» **Work order**
Give back exactly the lines of the entries below from the line with "RIPPED WIDE LEG" to the line with "Nizuc Water Resistant", inclusive, and only those.

» **Data for processing**
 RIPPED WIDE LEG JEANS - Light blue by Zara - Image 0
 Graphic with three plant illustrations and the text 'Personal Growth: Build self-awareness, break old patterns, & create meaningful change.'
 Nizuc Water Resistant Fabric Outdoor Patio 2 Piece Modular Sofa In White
--
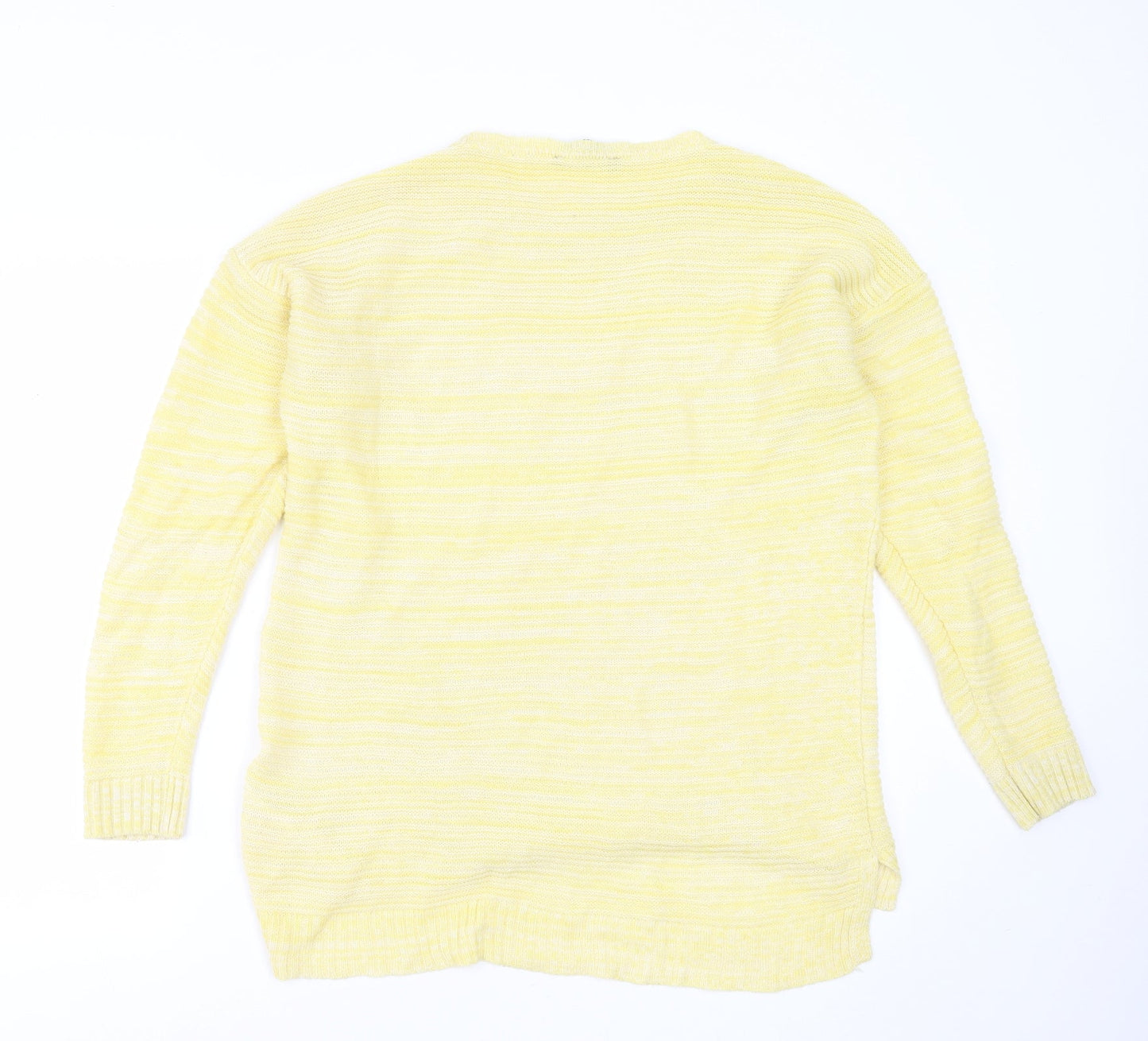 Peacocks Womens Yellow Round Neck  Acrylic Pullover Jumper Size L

» **Solution to the exercise**
 RIPPED WIDE LEG JEANS - Light blue by Zara - Image 0
 Graphic with three plant illustrations and the text 'Personal Growth: Build self-awareness, break old patterns, & create meaningful change.'
 Nizuc Water Resistant Fabric Outdoor Patio 2 Piece Modular Sofa In White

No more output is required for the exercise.